*Instructions to follow*
Having found the line containing "ERSCHEINUNGSDATUM: 13. Dezember" in the records below, copy that line and each later one exactly, dropping pictures.

Content starts

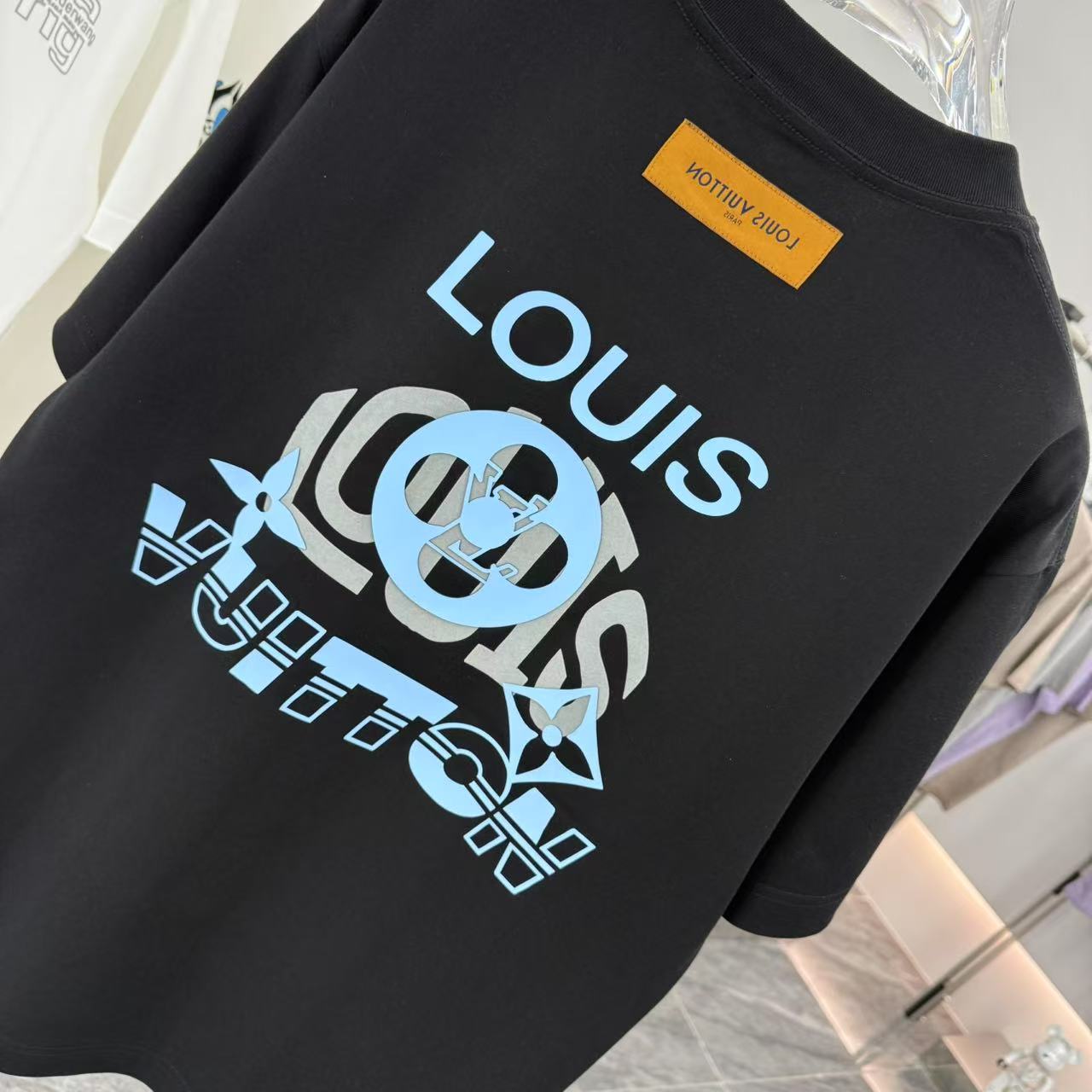 LuxluxHouse Best Quality Clothes T-shirt Louis Vuitton
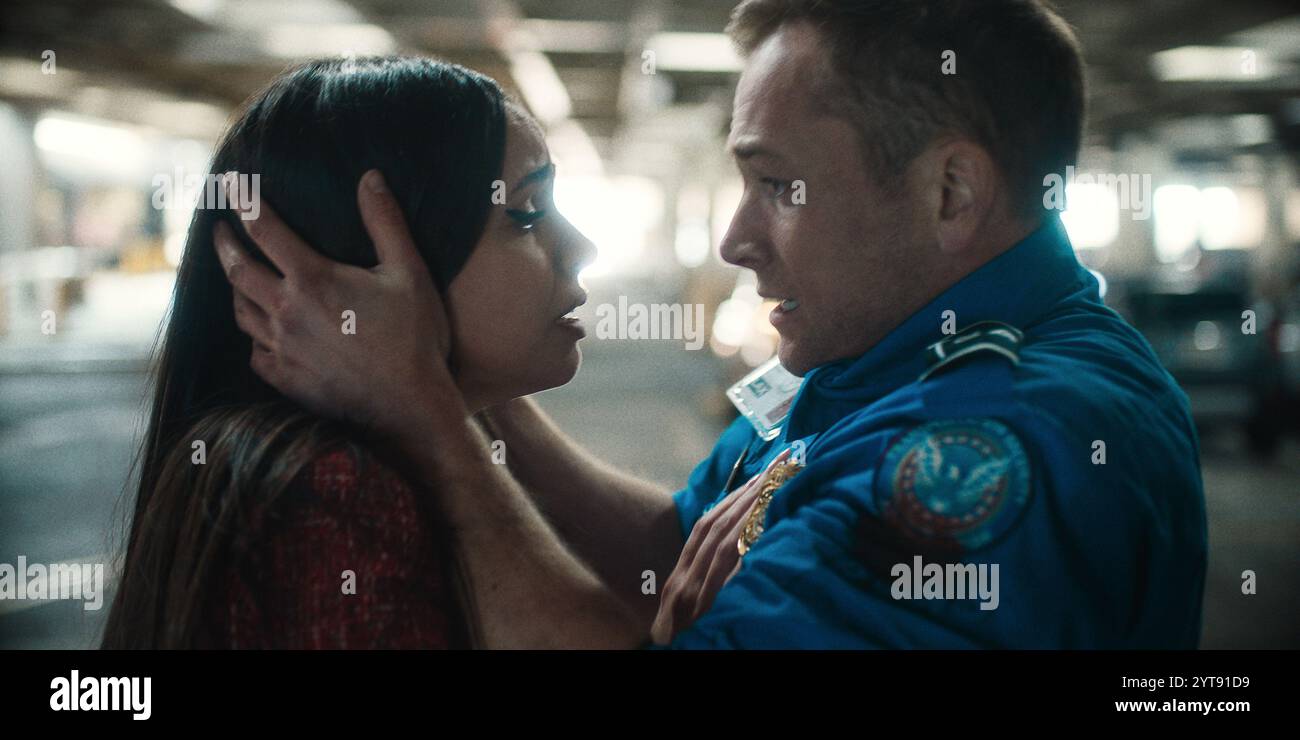 ERSCHEINUNGSDATUM: 13. Dezember 2024. TITEL: Handgepäck. STUDIO: Netflix. DIREKTOR: Jaume Collet-Serra. PLOT: Ein mysteriöser Reisender erpresst einen jungen TSA-Agenten, damit er ein gefährliches Paket durch die Sicherheitskontrolle und auf einen Flug am Weihnachtsfeiertag rutschen lässt. DIE HAUPTROLLEN sind SOFIA CARSON als Nora Parisi, TARON EGERTON als Ethan Kopek. (Credit Image: © Netflix/Entertainment Pictures/ZUMAPRESS.com) NUR REDAKTIONELLE VERWENDUNG! Nicht für kommerzielle ZWECKE! Stockfoto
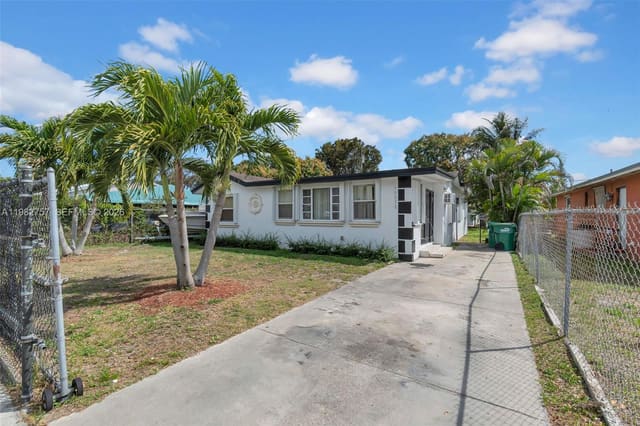 10230 SW 172nd Street, sold in Dixie Heights Garden, Miami, FL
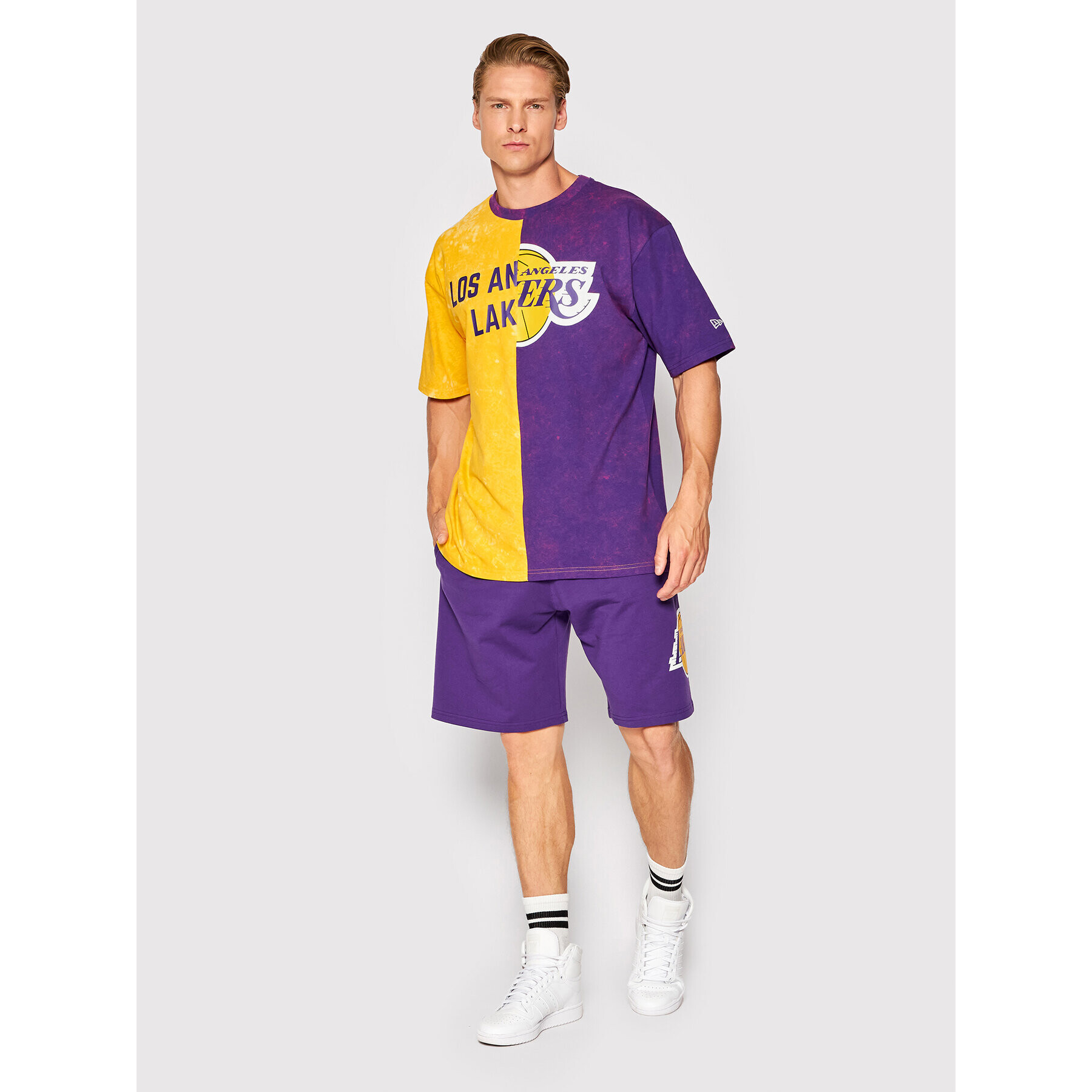 New Era Тишърт LA Lakers Split Graphic 13083855 Жълт Regular Fit - Pepit.bg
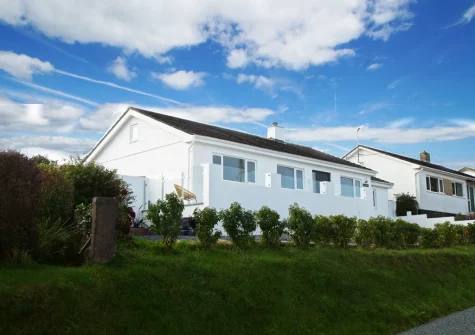 Sea Heights is set in an elevated position above the seaside town of Saundersfoot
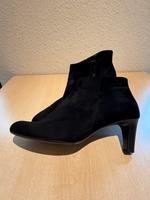 Schöne Gabor Stiefelette Schuh schwarz Leder Gr.8 / Gr.41 Nordrhein-Westfalen - Gelsenkirchen Vorschau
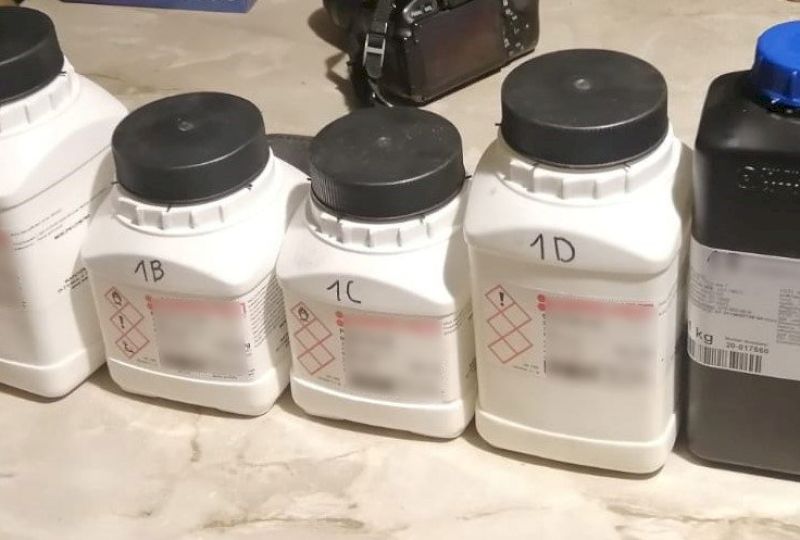 <strong>UWAGA!</strong> Przechowywanie niebezpiecznych substancji chemicznych to przestępstwo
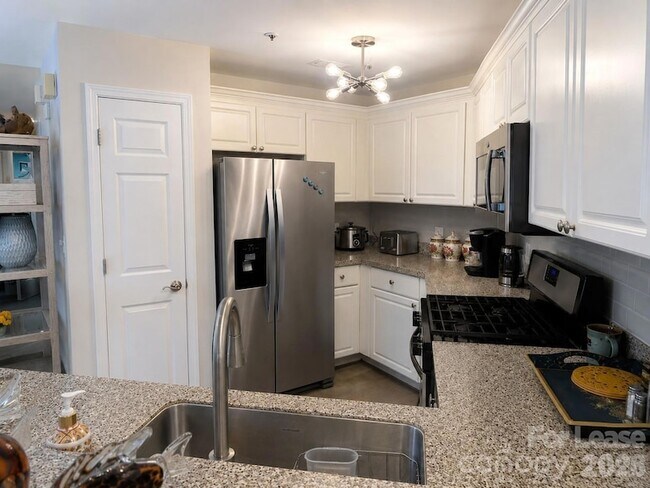 Building Photo - 18015 Kings Point Dr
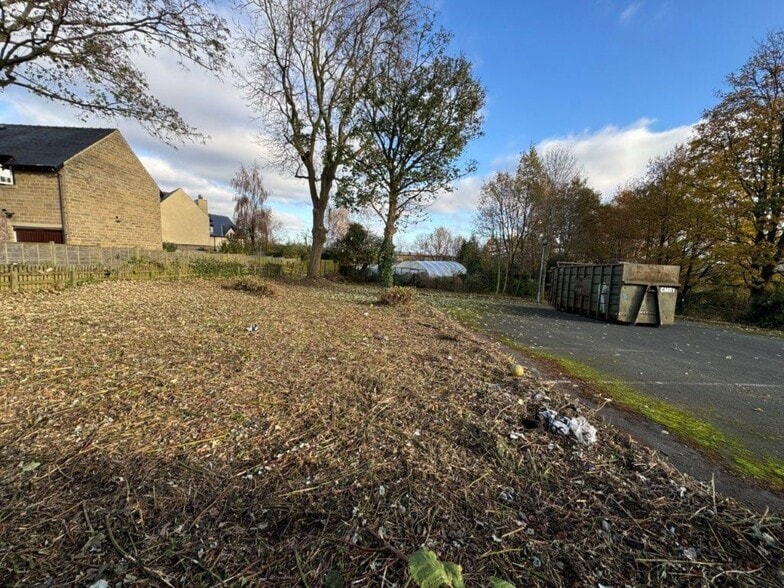 72-74 New North Rd, Huddersfield à vendre - Photo du bâtiment - Image 2 de 5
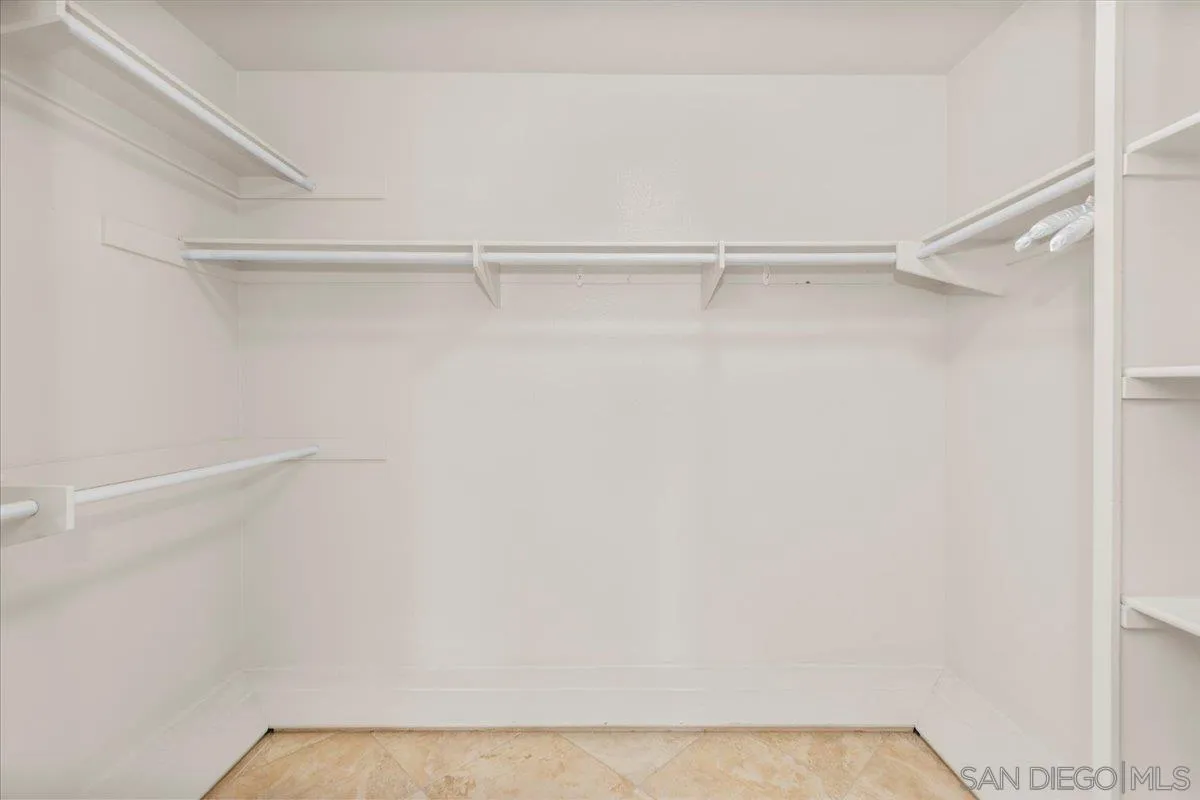 https://cdn.realtyfeed.com/cdn/127/250034250/d41fdf979e805b6211802983349890b3.webp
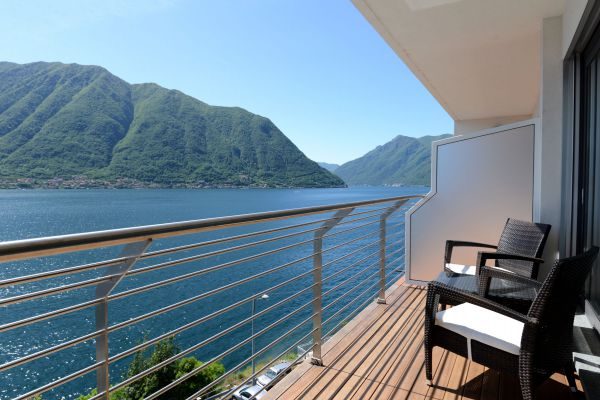 Seeblick vom Balkon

Content ends

*Task solution*
 ERSCHEINUNGSDATUM: 13. Dezember 2024. TITEL: Handgepäck. STUDIO: Netflix. DIREKTOR: Jaume Collet-Serra. PLOT: Ein mysteriöser Reisender erpresst einen jungen TSA-Agenten, damit er ein gefährliches Paket durch die Sicherheitskontrolle und auf einen Flug am Weihnachtsfeiertag rutschen lässt. DIE HAUPTROLLEN sind SOFIA CARSON als Nora Parisi, TARON EGERTON als Ethan Kopek. (Credit Image: © Netflix/Entertainment Pictures/ZUMAPRESS.com) NUR REDAKTIONELLE VERWENDUNG! Nicht für kommerzielle ZWECKE! Stockfoto
 10230 SW 172nd Street, sold in Dixie Heights Garden, Miami, FL
 New Era Тишърт LA Lakers Split Graphic 13083855 Жълт Regular Fit - Pepit.bg
 Sea Heights is set in an elevated position above the seaside town of Saundersfoot
 Schöne Gabor Stiefelette Schuh schwarz Leder Gr.8 / Gr.41 Nordrhein-Westfalen - Gelsenkirchen Vorschau
 <strong>UWAGA!</strong> Przechowywanie niebezpiecznych substancji chemicznych to przestępstwo
 Building Photo - 18015 Kings Point Dr
 72-74 New North Rd, Huddersfield à vendre - Photo du bâtiment - Image 2 de 5
 https://cdn.realtyfeed.com/cdn/127/250034250/d41fdf979e805b6211802983349890b3.webp
 Seeblick vom Balkon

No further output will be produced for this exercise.